• [Data for review]
----------------------------------------
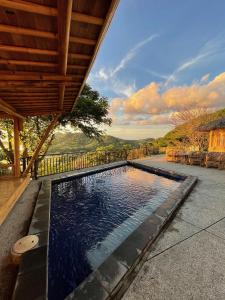 a swimming pool in front of a house at Elang Hillside Bamboo Villas in Labuan Bajo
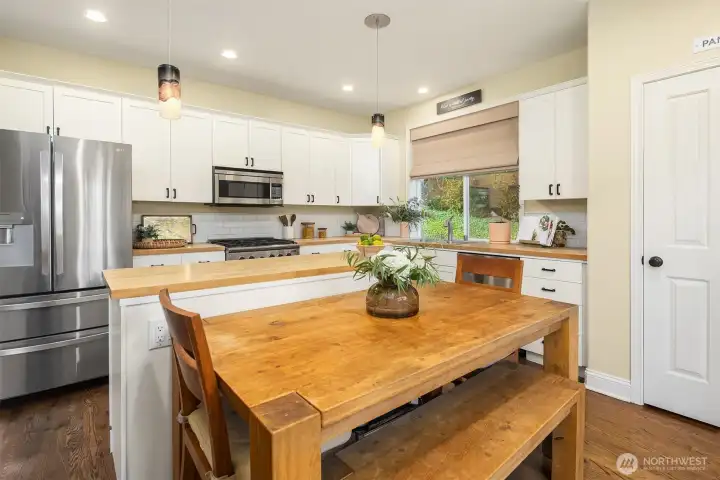 This large kitchen features both a walk-in pantry and ample eat-in space.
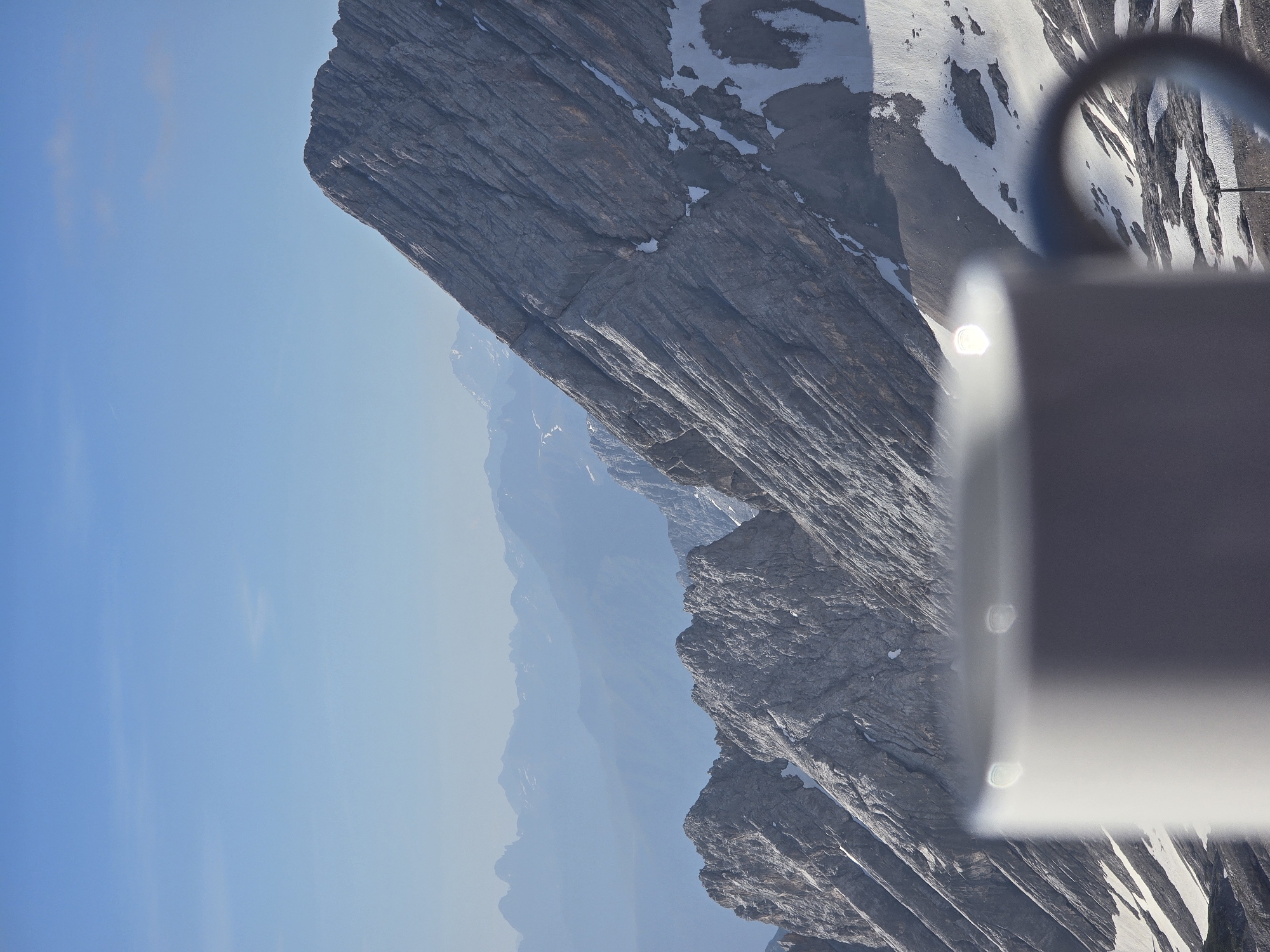 A white mug is in the foreground, out of focus, obscuring the bottom left of the image. The mug has a dark handle visible on the right side. Behind the mug, a vast mountain landscape unfolds under a clear blue sky. The mountains are rugged and rocky, with patches of snow visible on their slopes. In the far distance, several layers of mountains fade into a hazy blue, creating a sense of depth and scale. The scene evokes a feeling of serene elevation, likely captured from a high vantage point such as the Zugspitze, Germany's highest peak, which is located near Garmisch-Partenkirchen.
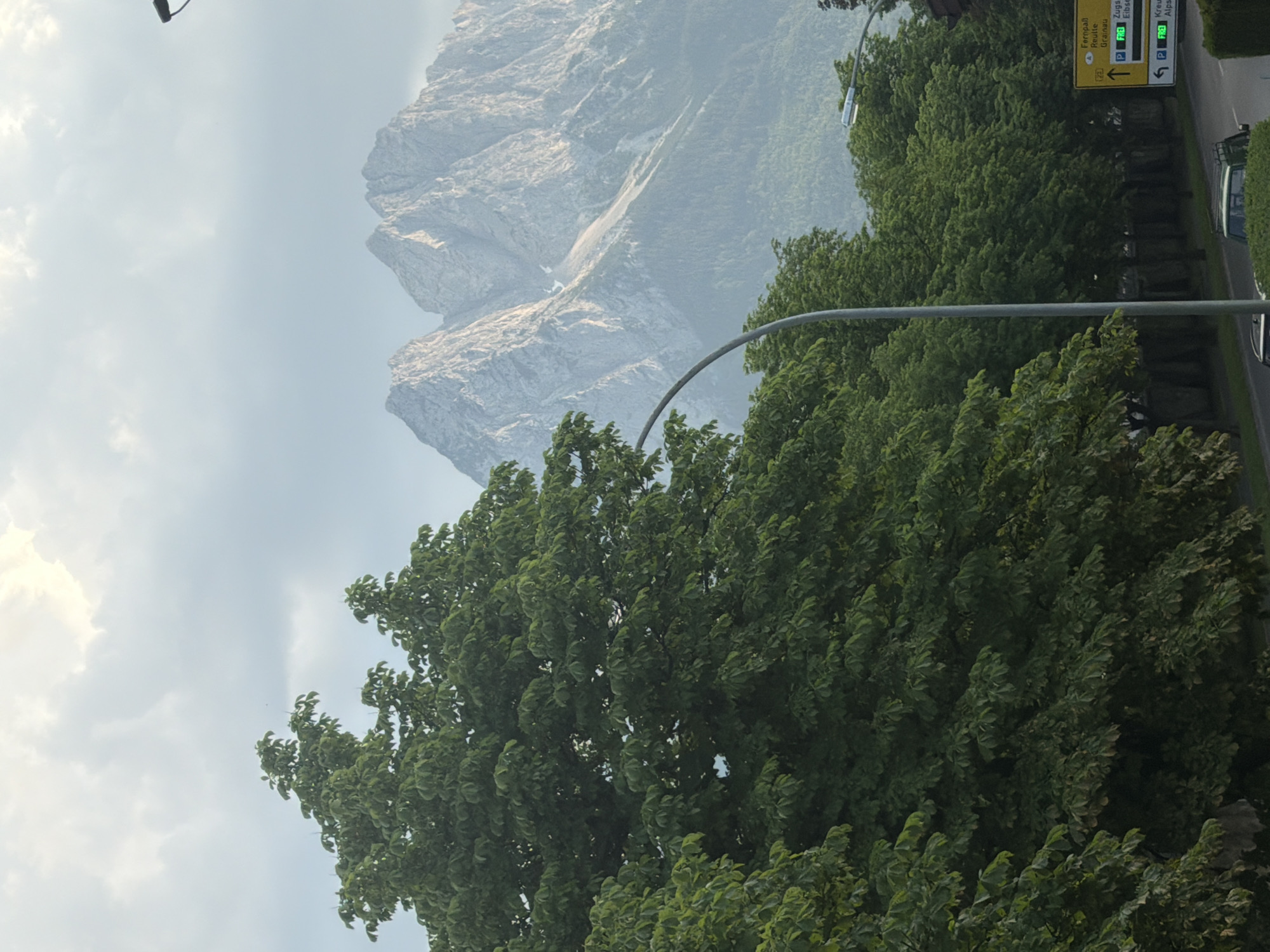 Rocky alpine peaks rise behind a European town's streets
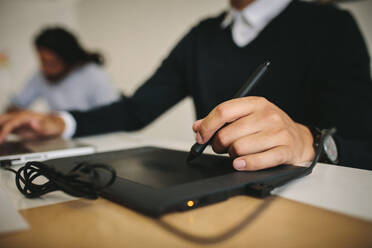 Close up of a man writing on a digital writing pad using a digital pen. Tech savvy man using modern gadget to input data. - JLPSF15516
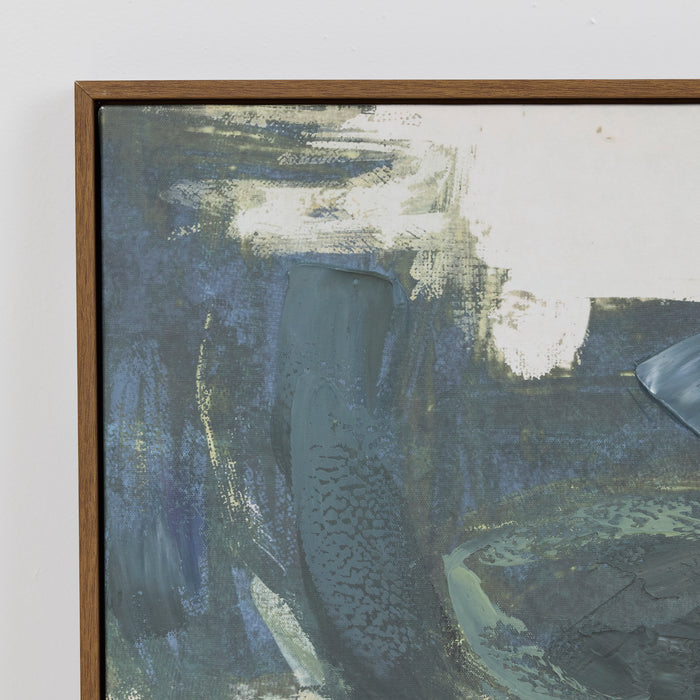 Abstract painting with a wooden frame on a white wall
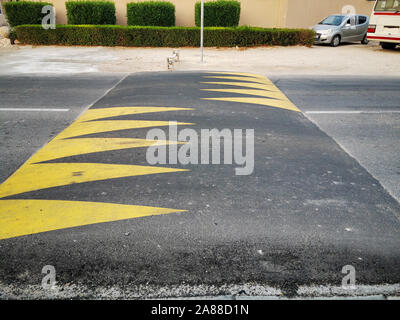 Street speed bump in strada per la sicurezza verniciati con colore giallo Foto Stock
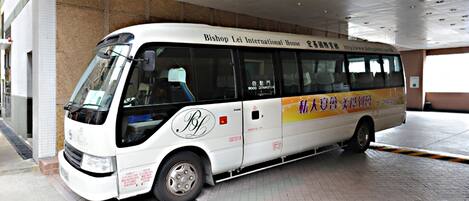 Un autobús blanco con la leyenda 'Bishop Lei International House' estacionado dentro de un edificio.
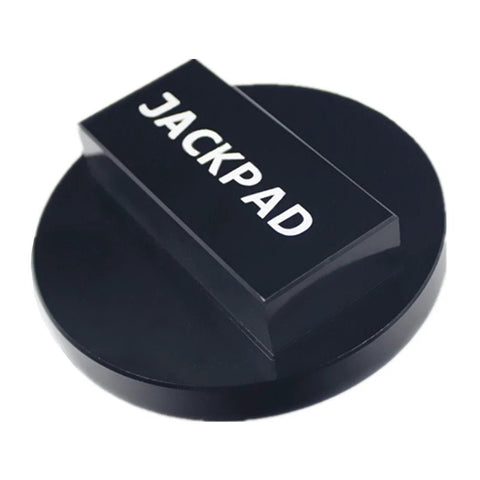 Close-up of black anodized jack pad adapter with round base and rectangular top labeled JACKPAD
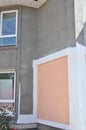 Renovation house paint walls outdoors. Painting house wall exterior. Unfinished house plastering and painting walls outdoor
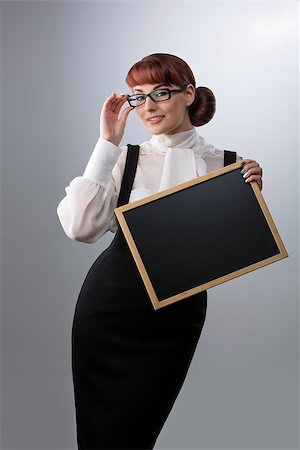 simsearch:400-04791676,k - Beautiful young woman in glasses with small blackboard. Teacher wearing blouse and skirt. Copy space. Over grey background. Stock Photo - Budget Royalty-Free & Subscription, Code: 400-08731060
----------------------------------------
• [What the exercise asks] What's needed is every record restated exactly, pictures excluded.

• [Finished task]
 a swimming pool in front of a house at Elang Hillside Bamboo Villas in Labuan Bajo
 This large kitchen features both a walk-in pantry and ample eat-in space.
 A white mug is in the foreground, out of focus, obscuring the bottom left of the image. The mug has a dark handle visible on the right side. Behind the mug, a vast mountain landscape unfolds under a clear blue sky. The mountains are rugged and rocky, with patches of snow visible on their slopes. In the far distance, several layers of mountains fade into a hazy blue, creating a sense of depth and scale. The scene evokes a feeling of serene elevation, likely captured from a high vantage point such as the Zugspitze, Germany's highest peak, which is located near Garmisch-Partenkirchen.
 Rocky alpine peaks rise behind a European town's streets
 Close up of a man writing on a digital writing pad using a digital pen. Tech savvy man using modern gadget to input data. - JLPSF15516
 Abstract painting with a wooden frame on a white wall
 Street speed bump in strada per la sicurezza verniciati con colore giallo Foto Stock
 Un autobús blanco con la leyenda 'Bishop Lei International House' estacionado dentro de un edificio.
 Close-up of black anodized jack pad adapter with round base and rectangular top labeled JACKPAD
 Renovation house paint walls outdoors. Painting house wall exterior. Unfinished house plastering and painting walls outdoor
 simsearch:400-04791676,k - Beautiful young woman in glasses with small blackboard. Teacher wearing blouse and skirt. Copy space. Over grey background. Stock Photo - Budget Royalty-Free & Subscription, Code: 400-08731060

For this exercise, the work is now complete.